Mr. Hoban: Going back to the use of onward transfer powers for the holding company and the licensed deposit taker, if a group is a broadly based financial services group, as many of the deposit takers in this country are, what process will be used to leave, say, the insurer or the fund manager in the ownership of the original shareholders if the holding company has been subject to an onward transfer process?

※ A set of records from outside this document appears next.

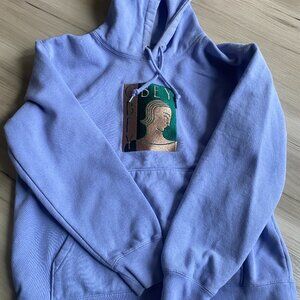OBEY WOMENS CUT OUT HOODIE, HOODED SWEATSHIRT WITH OBEY EMBROIDERY size small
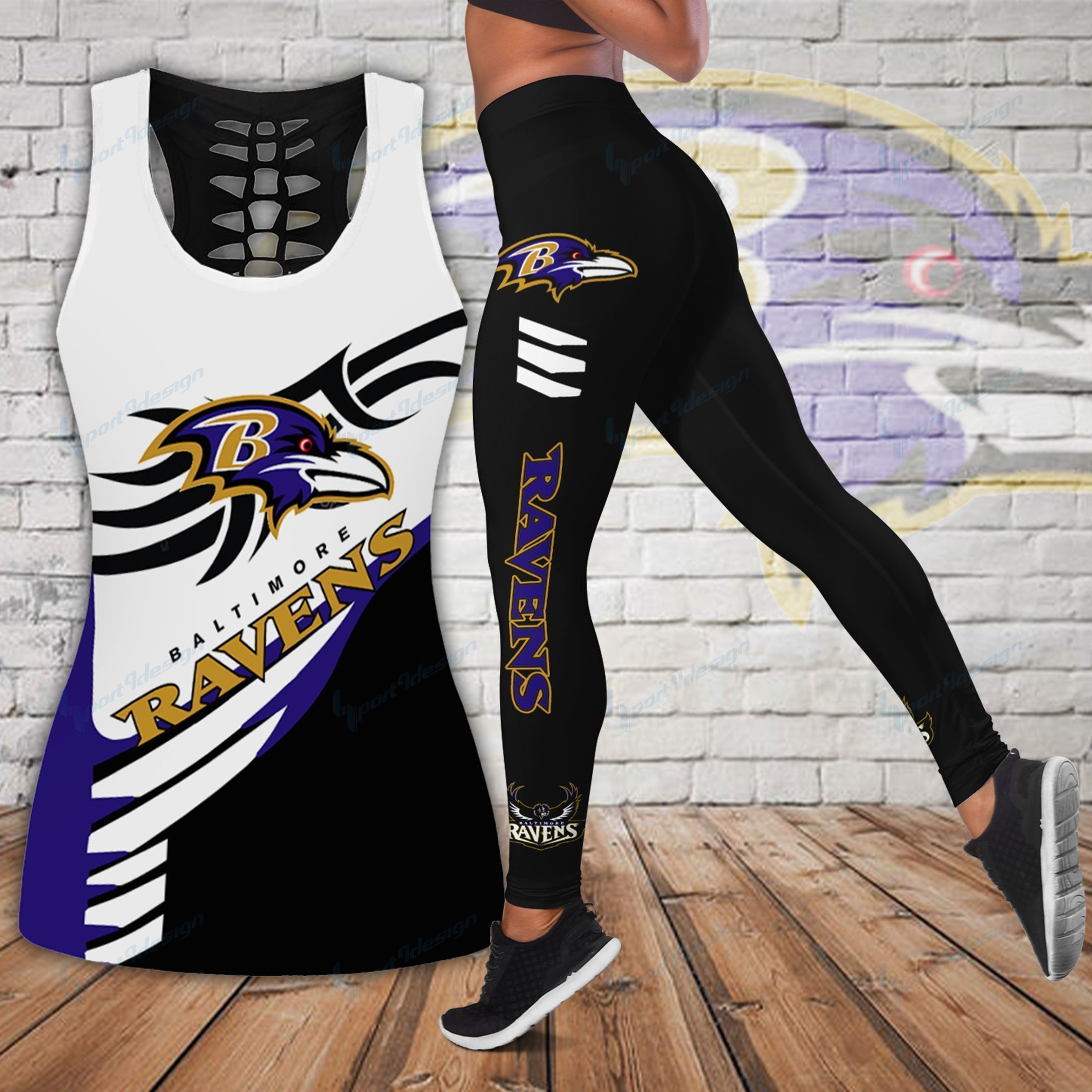 Baltimore Ravens Leggings And Tank Top Limited 024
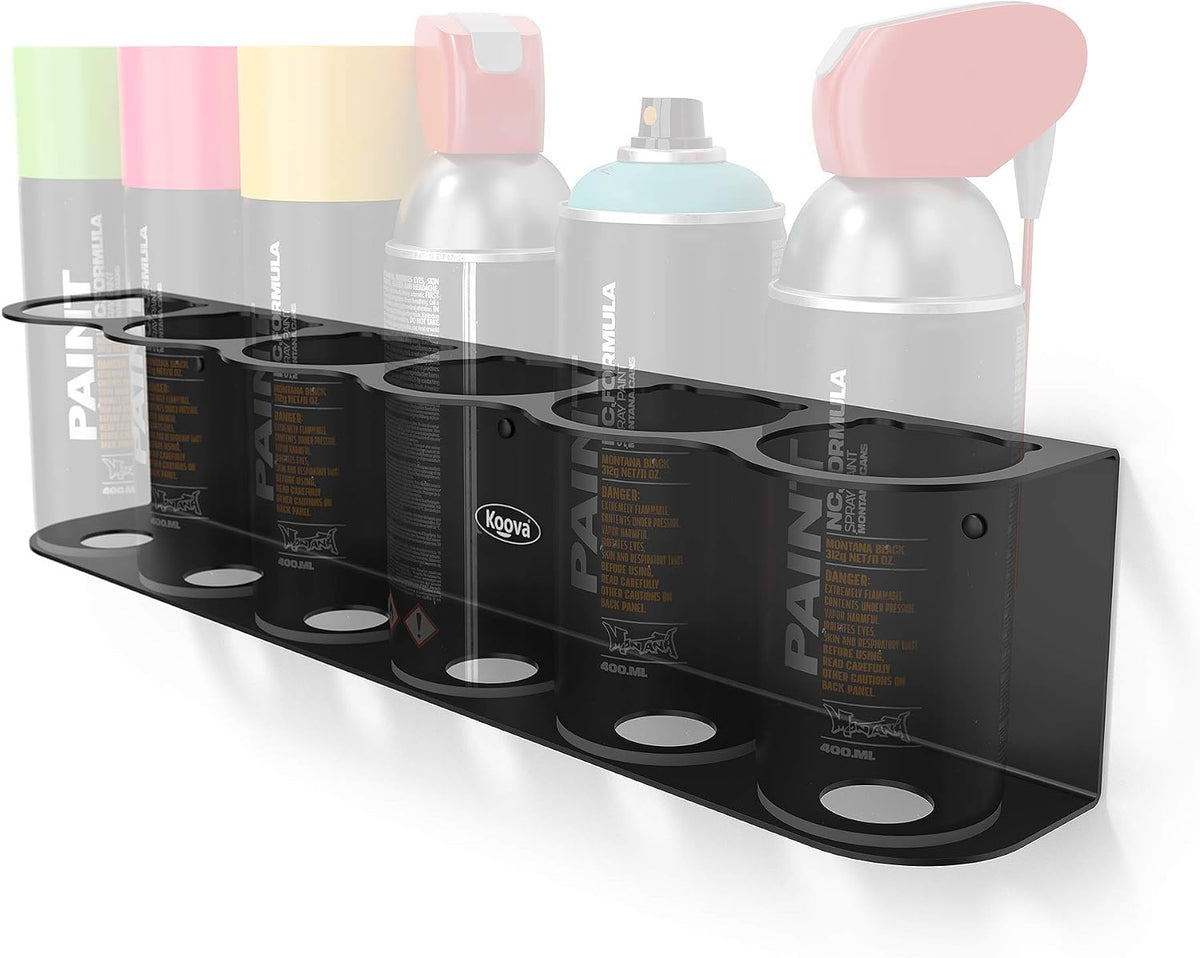 Koova 6 Aerosol Spray Can Holder | Easy Install Wall Mount | Heavy-Duty Powder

Ian Pearson: I explained that “necessary” is a high test. The second point to make is that the Treasury will also have regard to the SRR objectives, which ensure that the objectives in exercising the power in relation to holding companies include protecting and enhancing the stability of the financial systems of the UK, protecting and enhancing public confidence in the stability of the banking systems of the UK, and protecting depositors—areas with which we are very familiar. Action could be taken only where the Treasury has considered whether exercise of the powers in relation to holding companies would further those objectives. That narrows the context of what we are talking about. Thirdly, by limiting the tool to temporary public ownership, a higher public interest test must be satisfied, which we previously debated.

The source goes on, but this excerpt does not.